Granted: that one probably will make a few people angry, but whatever.
On Friday, the day of the inauguration, Phoenix was shrouded in clouds and fog with a weeping sky. I honestly thought it was God weeping for what we have wrought. I thought that even more strongly yesterday, since the day dawned bright, clear, and with just enough breeze to make it slightly chilly. When my sister and I got to the event, it was already pretty crowded. The official start was 10:00 am, but loads of people had gathered by 9:40.
We wandered around a bit and then I climbed on something to take some video.
You can hear a man at the beginning yelling, “Mary!” Fear not, according to my sources, he found her.
A Big Event
The crowd was pretty big. Arizona doesn’t do much in the way of protests. Most of ours are pretty small — maybe a few hundred people. Relatively speaking, this one was huge: over 36,000 people.
And as always, there are signs at these things.

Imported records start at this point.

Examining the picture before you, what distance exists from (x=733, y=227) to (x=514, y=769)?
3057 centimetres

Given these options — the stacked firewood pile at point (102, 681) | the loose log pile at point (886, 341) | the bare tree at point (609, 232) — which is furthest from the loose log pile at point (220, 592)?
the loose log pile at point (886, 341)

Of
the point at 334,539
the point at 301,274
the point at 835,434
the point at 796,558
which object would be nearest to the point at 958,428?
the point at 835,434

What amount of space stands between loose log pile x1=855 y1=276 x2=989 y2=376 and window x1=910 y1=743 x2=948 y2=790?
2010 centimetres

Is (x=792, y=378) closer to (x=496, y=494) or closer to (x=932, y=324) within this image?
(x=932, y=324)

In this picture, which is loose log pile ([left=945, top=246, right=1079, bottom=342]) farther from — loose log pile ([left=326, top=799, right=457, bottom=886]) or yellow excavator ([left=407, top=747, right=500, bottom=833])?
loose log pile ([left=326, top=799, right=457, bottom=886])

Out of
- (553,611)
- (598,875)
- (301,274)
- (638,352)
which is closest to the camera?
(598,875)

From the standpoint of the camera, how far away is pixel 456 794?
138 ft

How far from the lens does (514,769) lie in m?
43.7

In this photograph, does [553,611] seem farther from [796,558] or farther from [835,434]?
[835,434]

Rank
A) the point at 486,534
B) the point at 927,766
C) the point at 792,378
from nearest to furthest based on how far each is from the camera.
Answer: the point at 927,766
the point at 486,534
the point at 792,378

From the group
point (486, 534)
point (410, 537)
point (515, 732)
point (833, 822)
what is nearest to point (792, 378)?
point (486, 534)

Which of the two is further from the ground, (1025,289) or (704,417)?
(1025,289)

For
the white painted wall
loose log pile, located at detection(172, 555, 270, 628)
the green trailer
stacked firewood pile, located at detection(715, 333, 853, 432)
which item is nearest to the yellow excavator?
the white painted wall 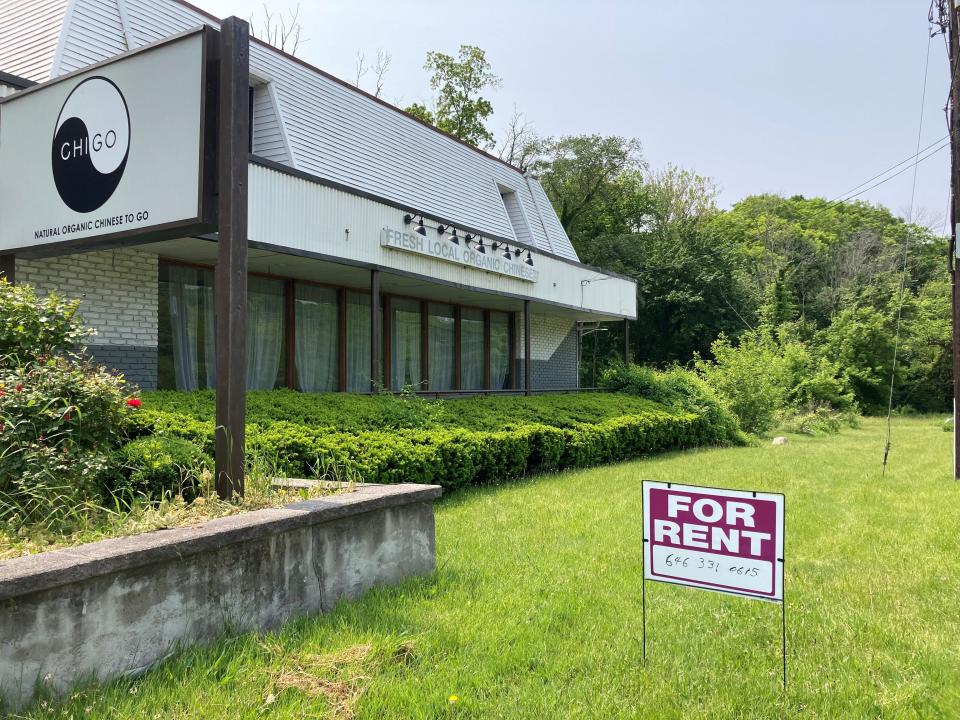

Most of them were hand drawn:
I had a chance to talk to a couple of the women there.
The first, Sloan, was at the march to resist and to show her support for the women like herself. She said, “I have spent 20 years in a career that is totally dominated by men, and I’ve been paid less than all my male counterparts. I was not invited to the Christmas party because it was held at Hooters.”
She also saw her attendance in generational terms — paying back to the women who went before and helping those coming after.
The second woman I spoke with was ZZ. She said she was there because she couldn’t believe that the fact that Trump admitted to committing sexual assault wasn’t enough to finish him as a candidate.
That is hard to understand. He should have been trash the minute that recording came out. But he wasn’t because, well, it seems that sexual assault doesn’t bother people in reality as much as it does in the abstract.
The Phoenix Women’s March: One Part of a Much Larger Whole
The Phoenix Women’s March was one of 600 that were happening worldwide — all of them reporting massive turnout, far exceeding what the organizers planned.